→ **EXERCISE MATERIAL**:
+ + + +
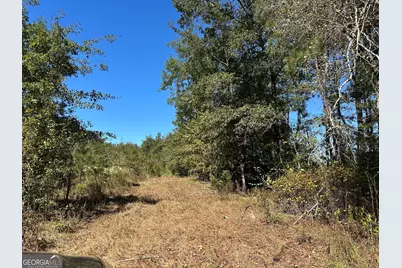 68 Sand Ridge Road, Rhine, GA 31077 - Photo 45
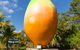 Big Mango - thumb 0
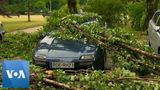 Trees Downed, Cars Damaged in Heavy Storms in Poland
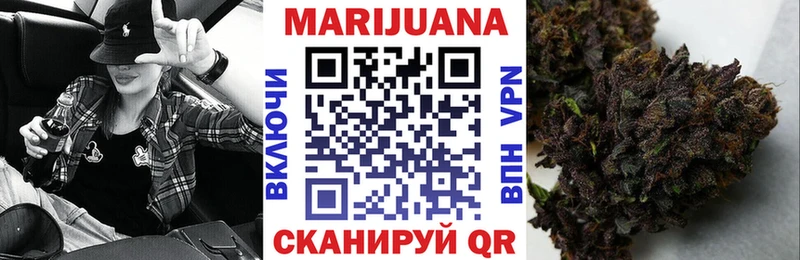 сколько стоит Шадринск Конопля OG Kush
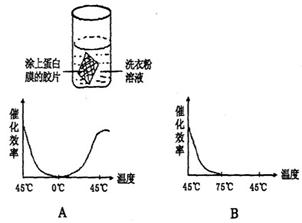 叠加原理不能用于什么叠加_不能说的秘密(3)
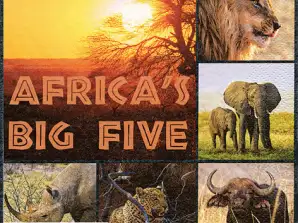 20 servetter 33 x 33 cm Afrikas fem stora vardagskläder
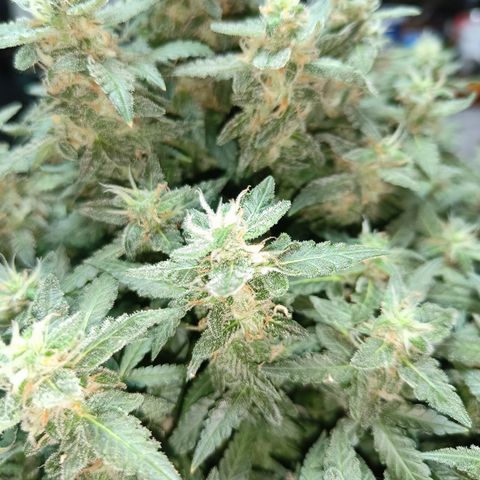 Lucky growlog timeline photo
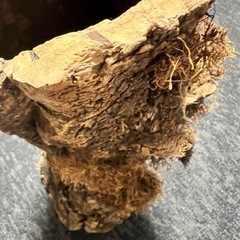 コルク　原木　皮　樹皮　筒状　爬虫類　ディスプレーの画像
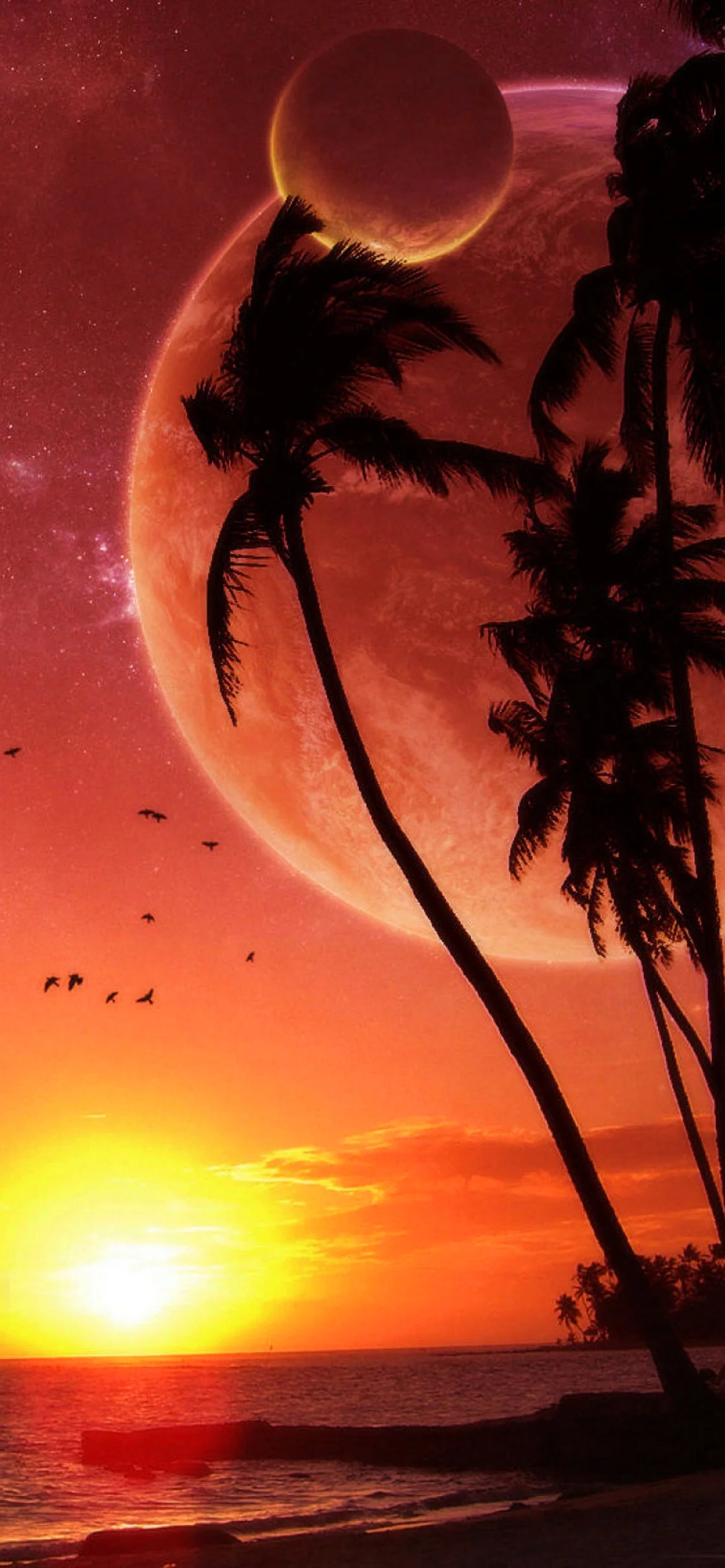 Tropical Sunset Wallpaper for iPhone 12 Pro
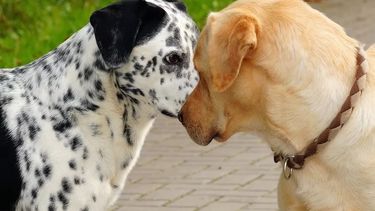 Mes del Cuidado Animal y la Adopción Responsable: conocé todas las actividades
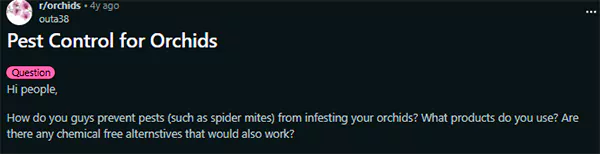 Pest Control for Orchids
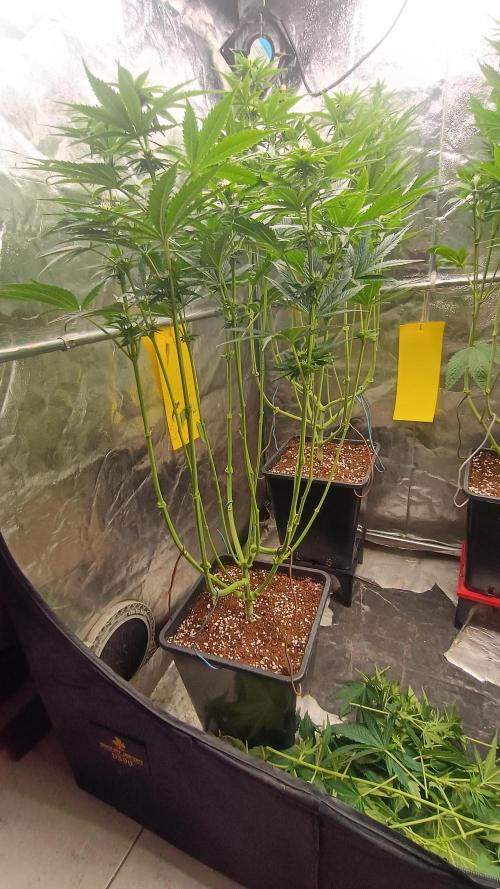 BombyJakPica. Week 7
+ + + +
→ **WHAT YOU SHOULD DO**: Repeat each entry above word for word, leaving every picture out.

→ **EXERCISE RESULT**:
 68 Sand Ridge Road, Rhine, GA 31077 - Photo 45
 Big Mango - thumb 0
 Trees Downed, Cars Damaged in Heavy Storms in Poland
 сколько стоит Шадринск Конопля OG Kush
 叠加原理不能用于什么叠加_不能说的秘密(3)
 20 servetter 33 x 33 cm Afrikas fem stora vardagskläder
 Lucky growlog timeline photo
 コルク　原木　皮　樹皮　筒状　爬虫類　ディスプレーの画像
 Tropical Sunset Wallpaper for iPhone 12 Pro
 Mes del Cuidado Animal y la Adopción Responsable: conocé todas las actividades
 Pest Control for Orchids
 BombyJakPica. Week 7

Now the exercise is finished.